Keep the pictures out while you transcribe the listing below exactly.

::: Working data

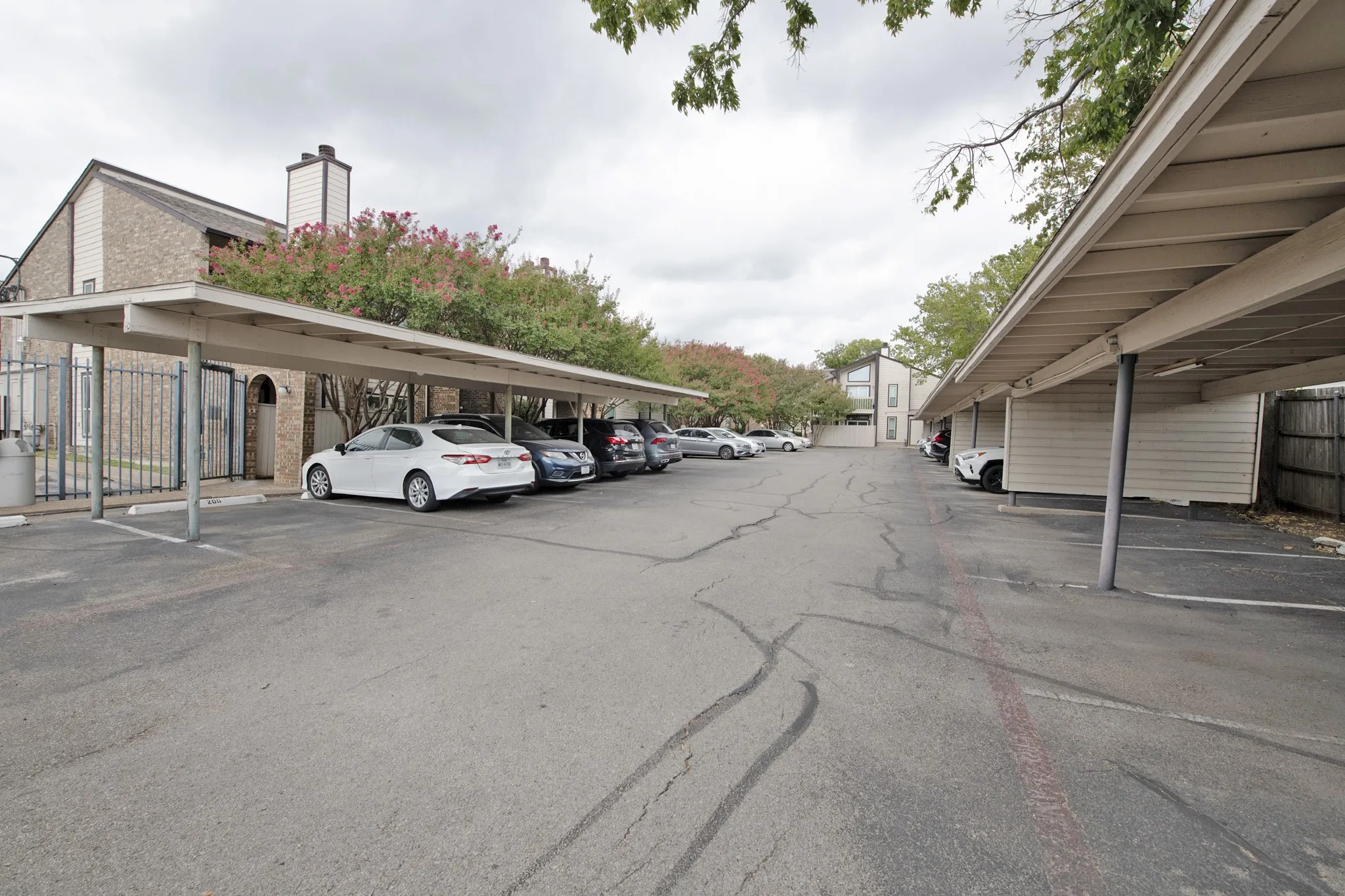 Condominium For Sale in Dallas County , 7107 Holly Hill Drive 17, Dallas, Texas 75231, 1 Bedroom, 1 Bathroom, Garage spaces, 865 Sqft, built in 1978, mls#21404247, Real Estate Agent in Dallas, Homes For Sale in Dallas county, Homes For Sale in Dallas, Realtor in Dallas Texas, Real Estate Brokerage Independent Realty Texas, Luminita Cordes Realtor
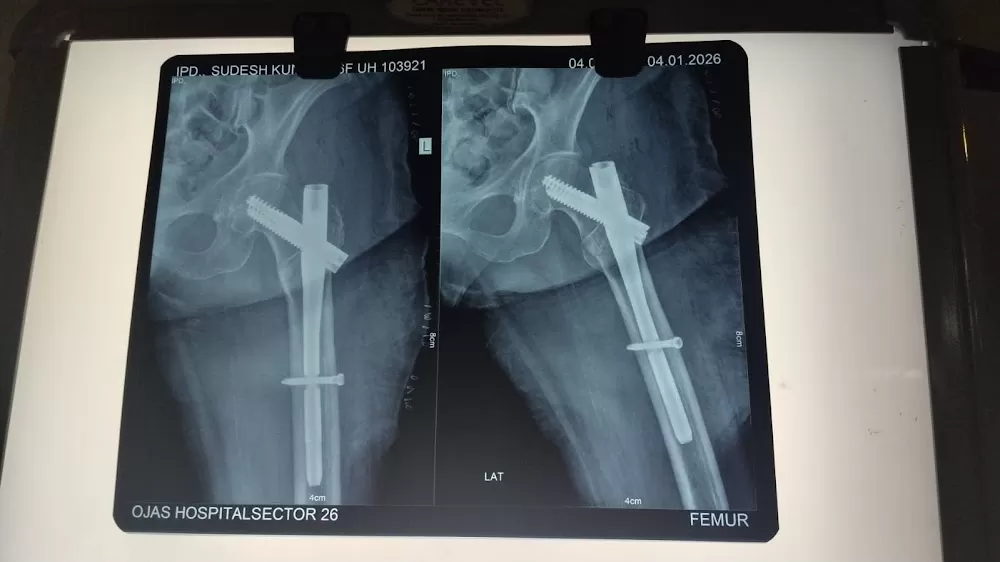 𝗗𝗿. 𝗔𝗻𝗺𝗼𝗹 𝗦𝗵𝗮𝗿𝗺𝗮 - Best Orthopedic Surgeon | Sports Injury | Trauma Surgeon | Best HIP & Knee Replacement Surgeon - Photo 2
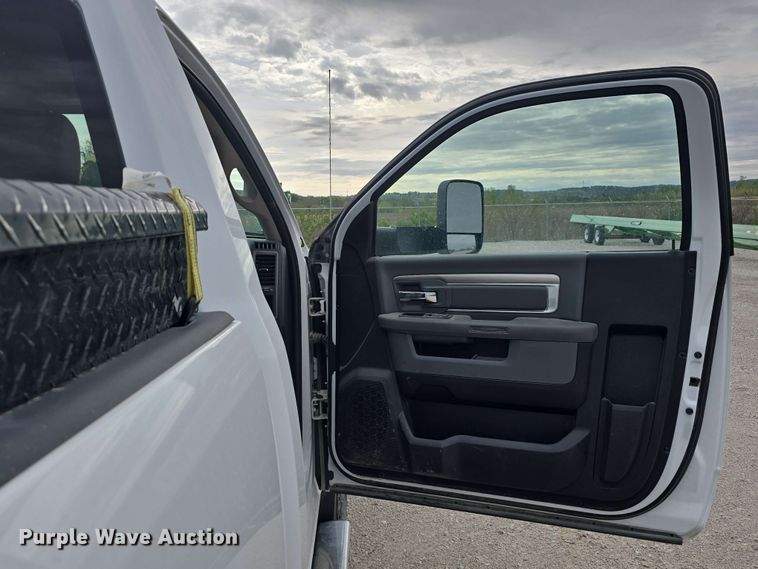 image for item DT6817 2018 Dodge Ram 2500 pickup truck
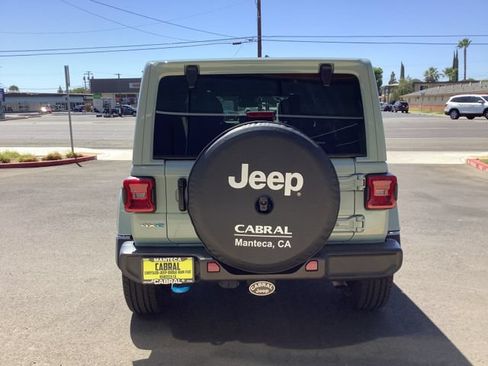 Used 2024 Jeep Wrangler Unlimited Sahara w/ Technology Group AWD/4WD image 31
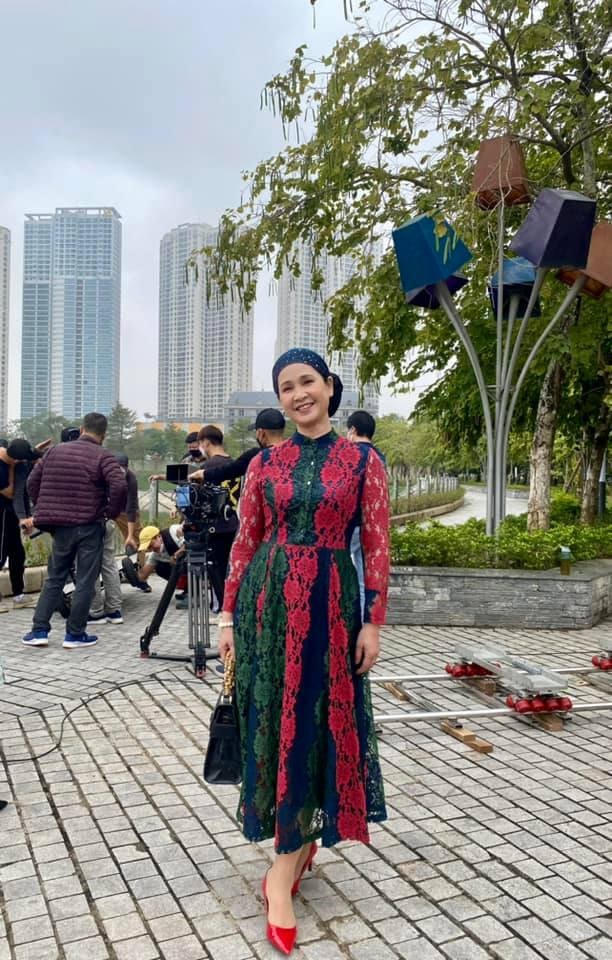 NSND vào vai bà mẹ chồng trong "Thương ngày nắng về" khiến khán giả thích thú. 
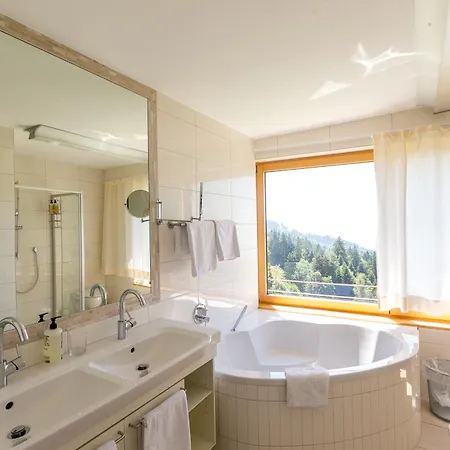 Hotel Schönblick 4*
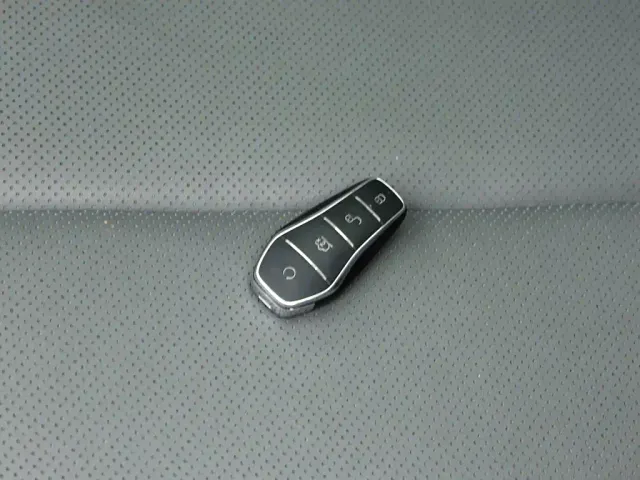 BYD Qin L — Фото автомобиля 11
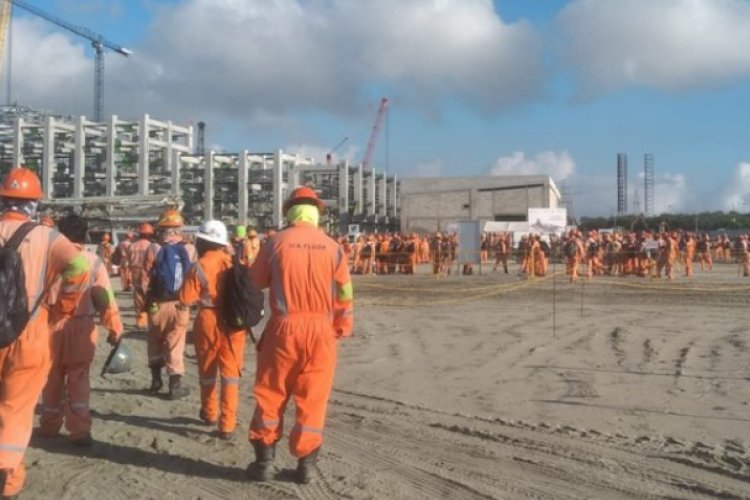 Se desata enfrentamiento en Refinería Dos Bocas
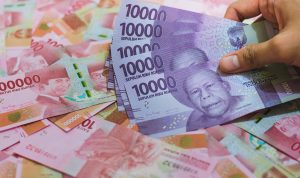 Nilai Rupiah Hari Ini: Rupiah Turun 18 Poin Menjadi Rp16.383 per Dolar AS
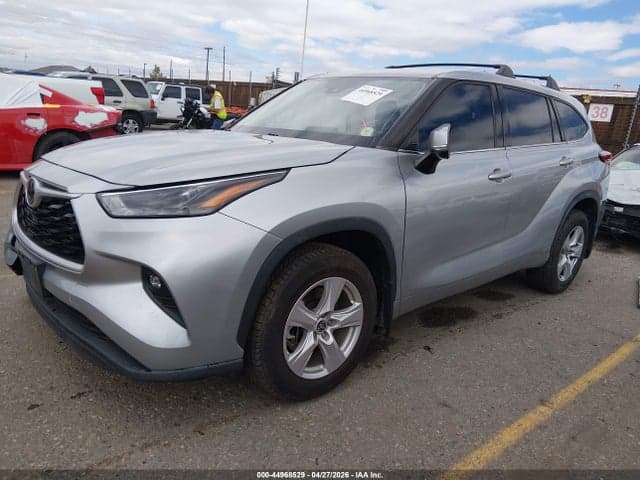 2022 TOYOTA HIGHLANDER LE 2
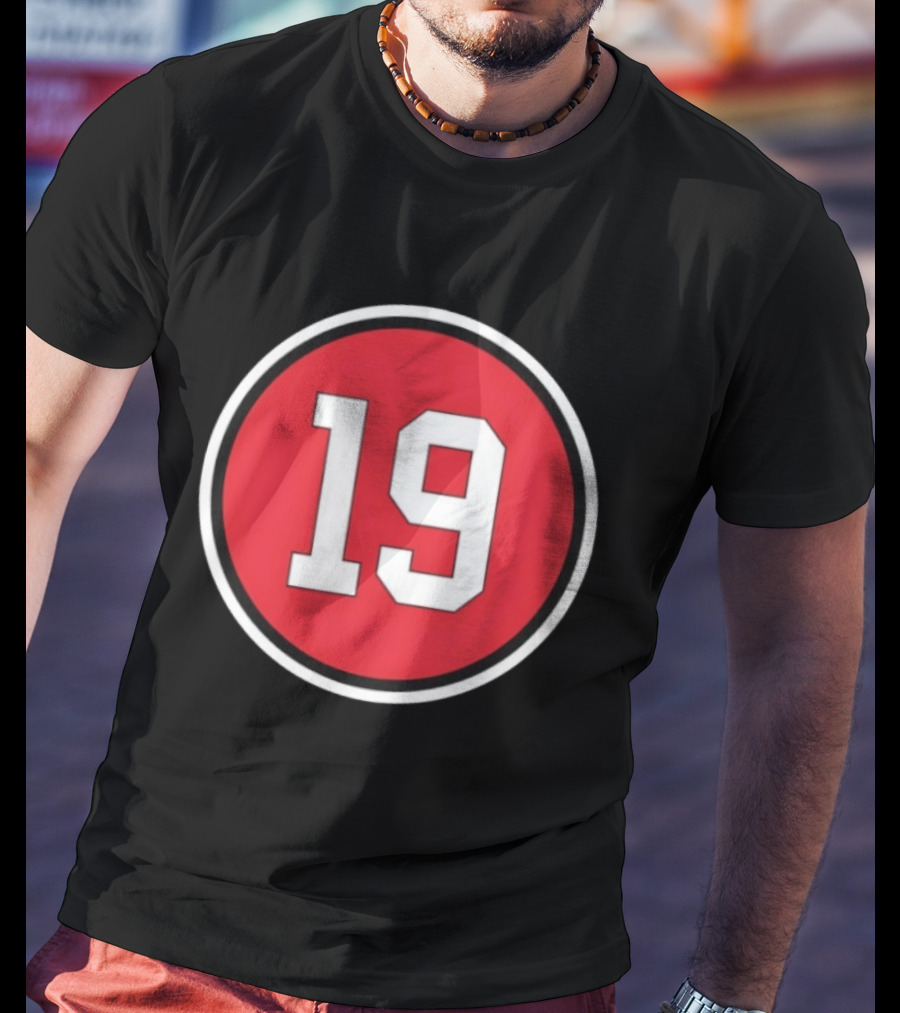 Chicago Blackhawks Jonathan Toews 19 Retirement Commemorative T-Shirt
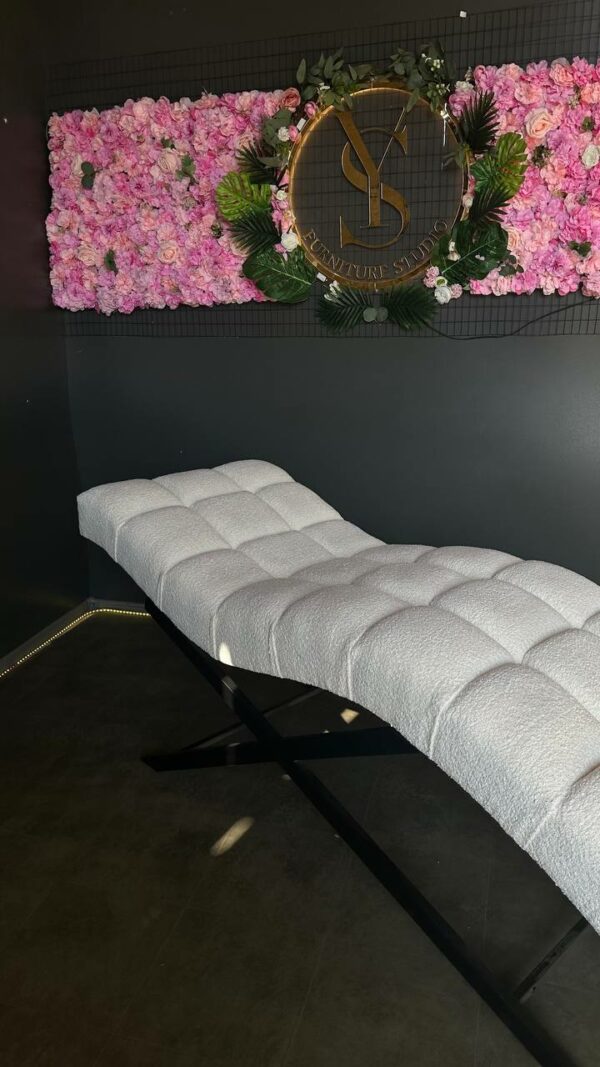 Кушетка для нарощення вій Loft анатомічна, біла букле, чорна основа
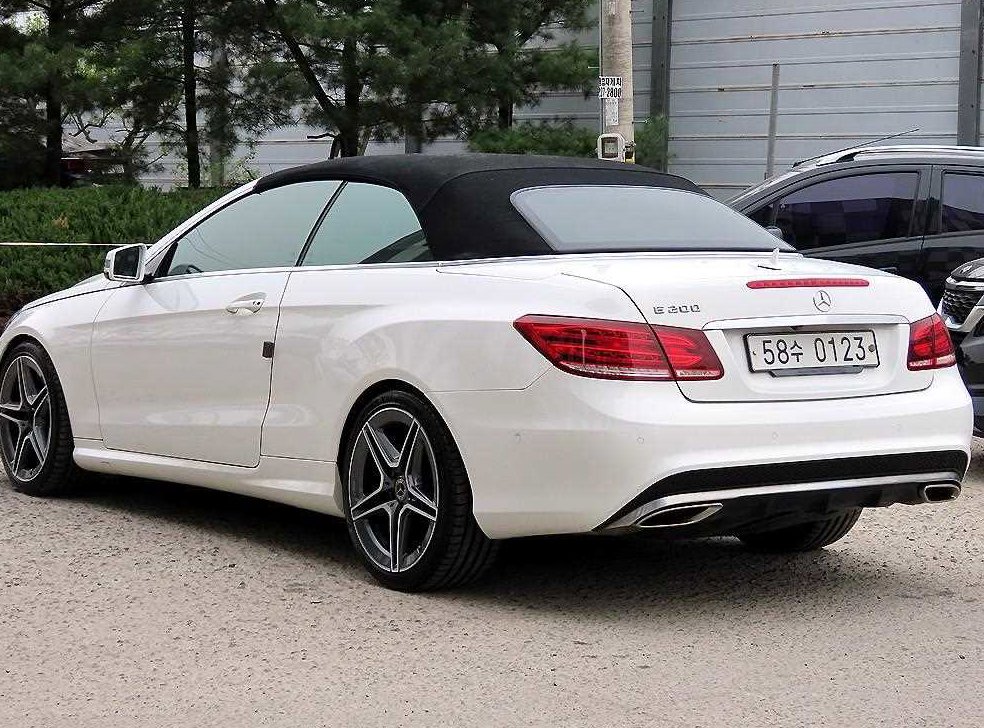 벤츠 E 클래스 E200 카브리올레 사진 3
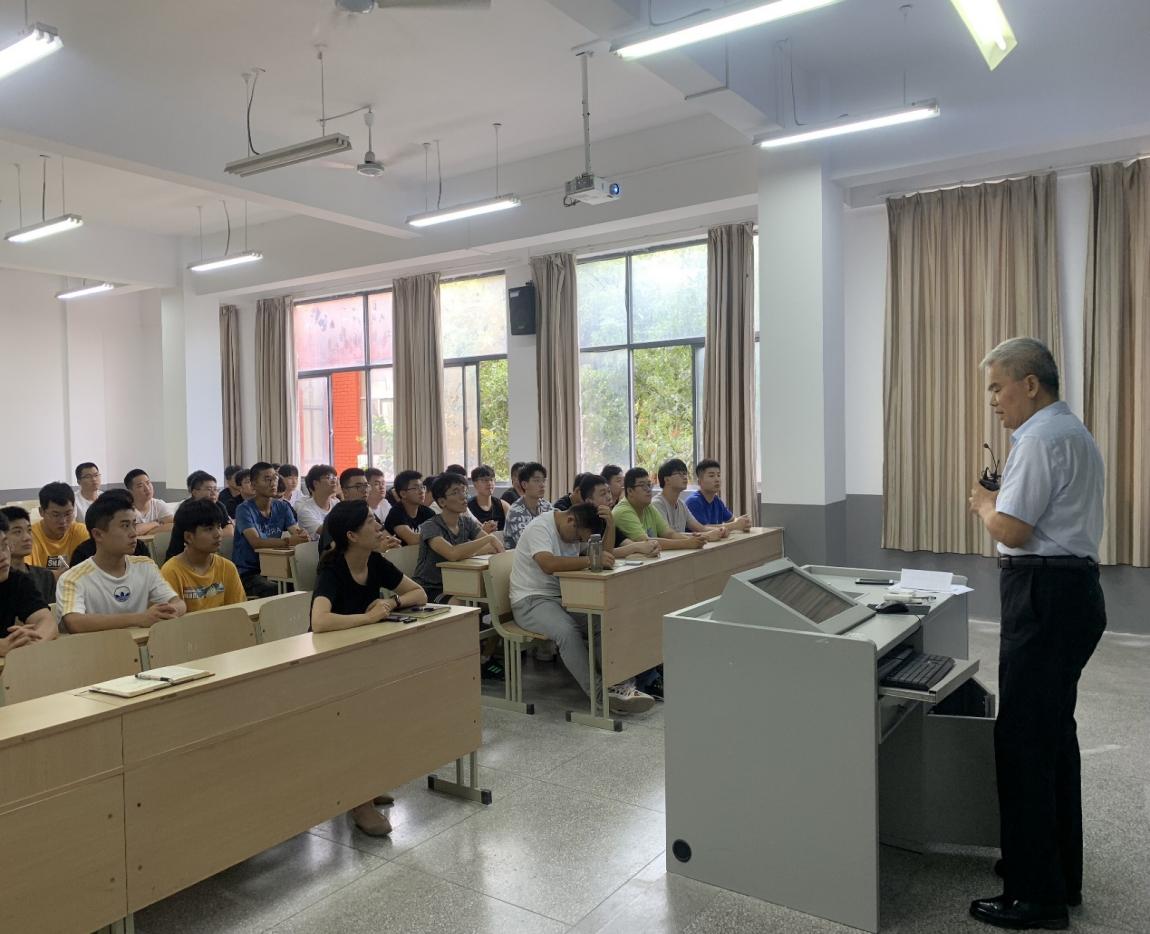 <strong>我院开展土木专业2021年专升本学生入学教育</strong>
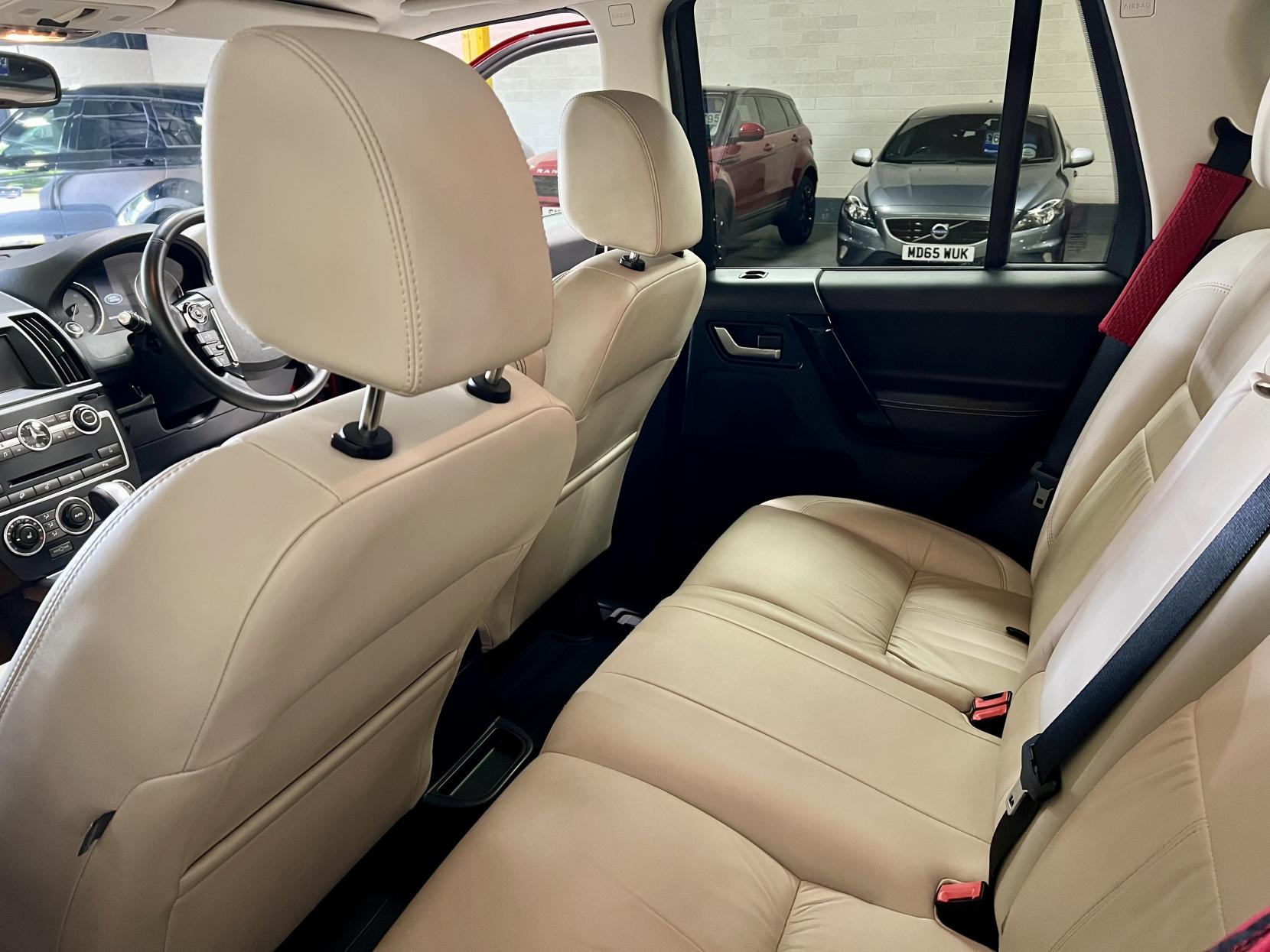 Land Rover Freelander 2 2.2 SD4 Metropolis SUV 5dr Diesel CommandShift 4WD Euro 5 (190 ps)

::::::

• [Response area]:
 Condominium For Sale in Dallas County , 7107 Holly Hill Drive 17, Dallas, Texas 75231, 1 Bedroom, 1 Bathroom, Garage spaces, 865 Sqft, built in 1978, mls#21404247, Real Estate Agent in Dallas, Homes For Sale in Dallas county, Homes For Sale in Dallas, Realtor in Dallas Texas, Real Estate Brokerage Independent Realty Texas, Luminita Cordes Realtor
 𝗗𝗿. 𝗔𝗻𝗺𝗼𝗹 𝗦𝗵𝗮𝗿𝗺𝗮 - Best Orthopedic Surgeon | Sports Injury | Trauma Surgeon | Best HIP & Knee Replacement Surgeon - Photo 2
 image for item DT6817 2018 Dodge Ram 2500 pickup truck
 Used 2024 Jeep Wrangler Unlimited Sahara w/ Technology Group AWD/4WD image 31
 NSND vào vai bà mẹ chồng trong "Thương ngày nắng về" khiến khán giả thích thú. 
 Hotel Schönblick 4*
 BYD Qin L — Фото автомобиля 11
 Se desata enfrentamiento en Refinería Dos Bocas
 Nilai Rupiah Hari Ini: Rupiah Turun 18 Poin Menjadi Rp16.383 per Dolar AS
 2022 TOYOTA HIGHLANDER LE 2
 Chicago Blackhawks Jonathan Toews 19 Retirement Commemorative T-Shirt
 Кушетка для нарощення вій Loft анатомічна, біла букле, чорна основа
 벤츠 E 클래스 E200 카브리올레 사진 3
 <strong>我院开展土木专业2021年专升本学生入学教育</strong>
 Land Rover Freelander 2 2.2 SD4 Metropolis SUV 5dr Diesel CommandShift 4WD Euro 5 (190 ps)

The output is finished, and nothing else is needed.